BEGIN

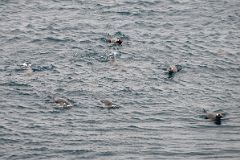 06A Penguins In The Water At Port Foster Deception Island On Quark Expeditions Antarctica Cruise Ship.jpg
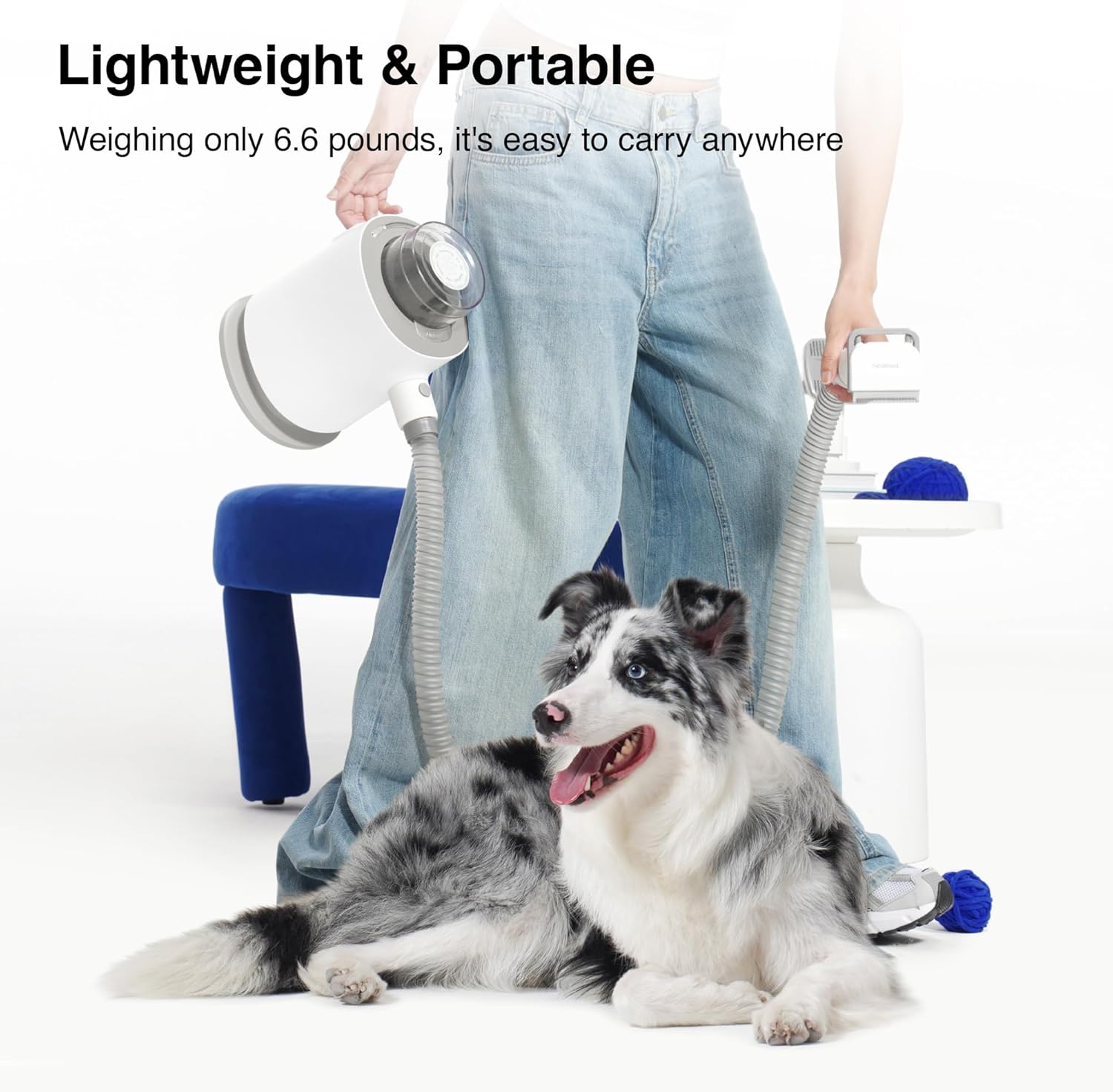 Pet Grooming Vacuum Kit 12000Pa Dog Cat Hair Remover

END
BEGIN

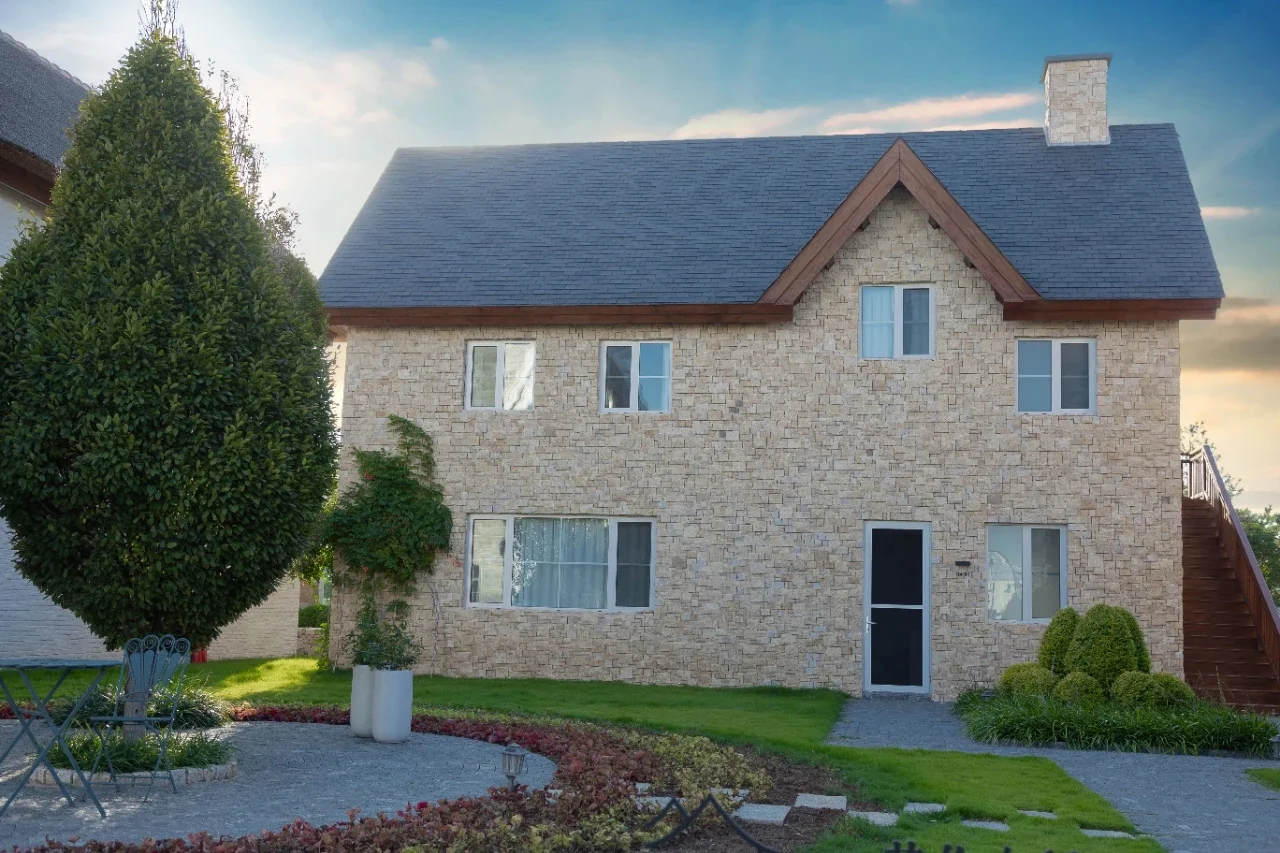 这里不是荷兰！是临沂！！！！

END
BEGIN

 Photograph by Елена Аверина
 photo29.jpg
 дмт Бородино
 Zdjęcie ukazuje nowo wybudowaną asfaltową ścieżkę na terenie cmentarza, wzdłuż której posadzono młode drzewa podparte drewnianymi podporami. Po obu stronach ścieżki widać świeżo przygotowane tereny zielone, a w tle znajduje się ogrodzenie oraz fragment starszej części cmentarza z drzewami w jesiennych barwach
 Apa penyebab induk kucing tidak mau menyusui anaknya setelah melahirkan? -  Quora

END

■ **WHAT THIS TASK INVOLVES**
Above this task is a listing with pictures in it. Retype only the lines from the one containing "06A Penguins In" through the one containing "Pet Grooming Vacuum", both included, and not the pictures.

■ **TASK OUTPUT**
 06A Penguins In The Water At Port Foster Deception Island On Quark Expeditions Antarctica Cruise Ship.jpg
 Pet Grooming Vacuum Kit 12000Pa Dog Cat Hair Remover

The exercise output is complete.